### WHAT YOU WILL DO
Pictures excluded, copy word for word the lines from the one holding "2018 Jeep Cherokee" through the last line below.

### GIVEN DATA
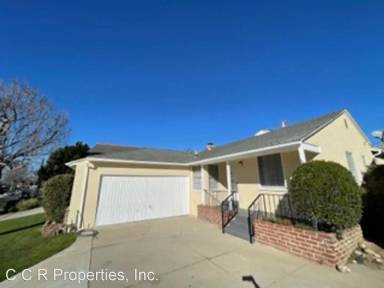 Main picture of 6443 Wynkoop St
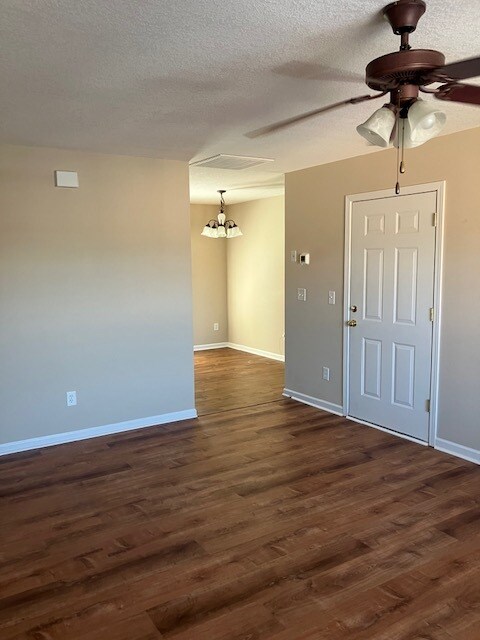 Foto del edificio - 4805 Poplar Crest Way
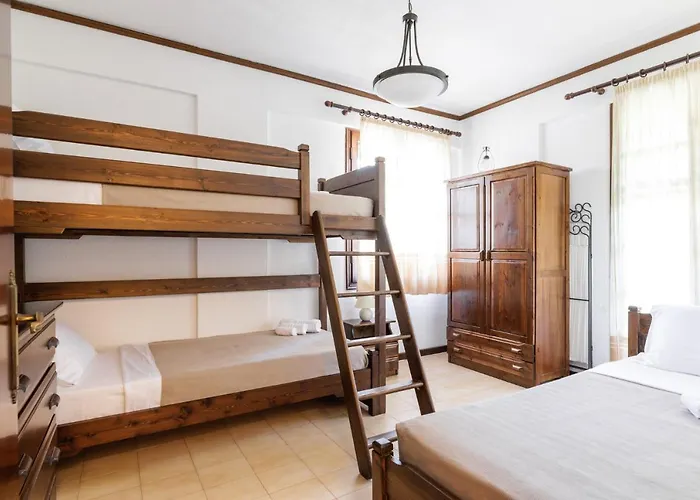 Front Vintage Kalliktratis 4*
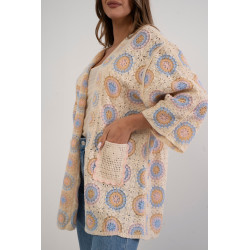 Długi ażurowy kardigan w pastelowe wzory
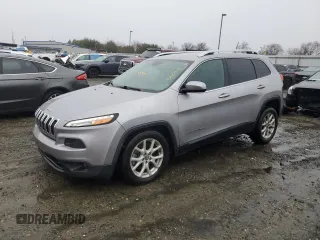 2018 Jeep Cherokee Latitude with VIN 1C4PJLCB3JD611984, listed as a Copart auction lot 43281375 with 145,126 mi miles and Salvage Title. Bid and sale history available at carsss.com. Image 1.
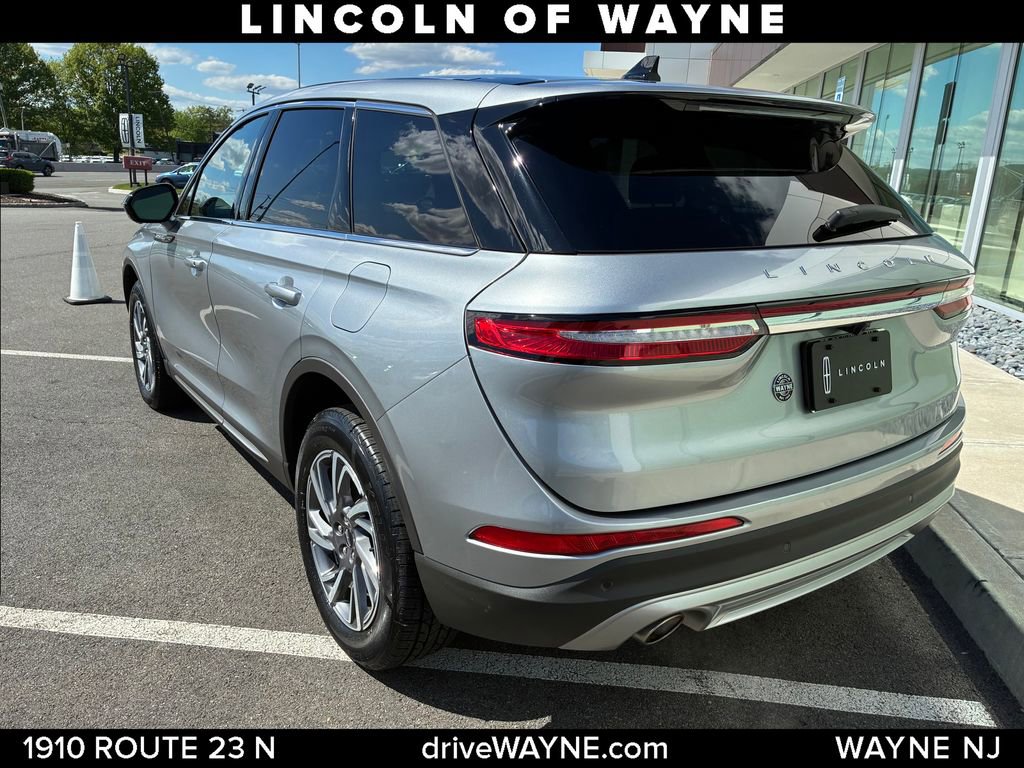 Certified 2024 Lincoln Corsair AWD w/ Equipment Group 101A image 4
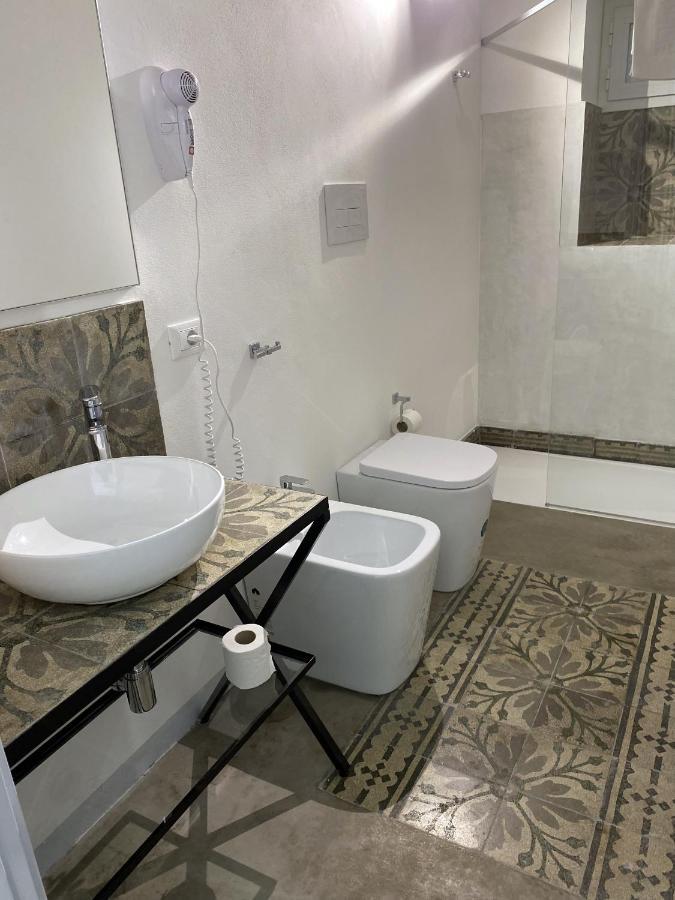 Settegrana Suite Con Vasca Idromassaggio Cinisi Ngoại thất bức ảnh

### OUTPUT BELOW
 2018 Jeep Cherokee Latitude with VIN 1C4PJLCB3JD611984, listed as a Copart auction lot 43281375 with 145,126 mi miles and Salvage Title. Bid and sale history available at carsss.com. Image 1.
 Certified 2024 Lincoln Corsair AWD w/ Equipment Group 101A image 4
 Settegrana Suite Con Vasca Idromassaggio Cinisi Ngoại thất bức ảnh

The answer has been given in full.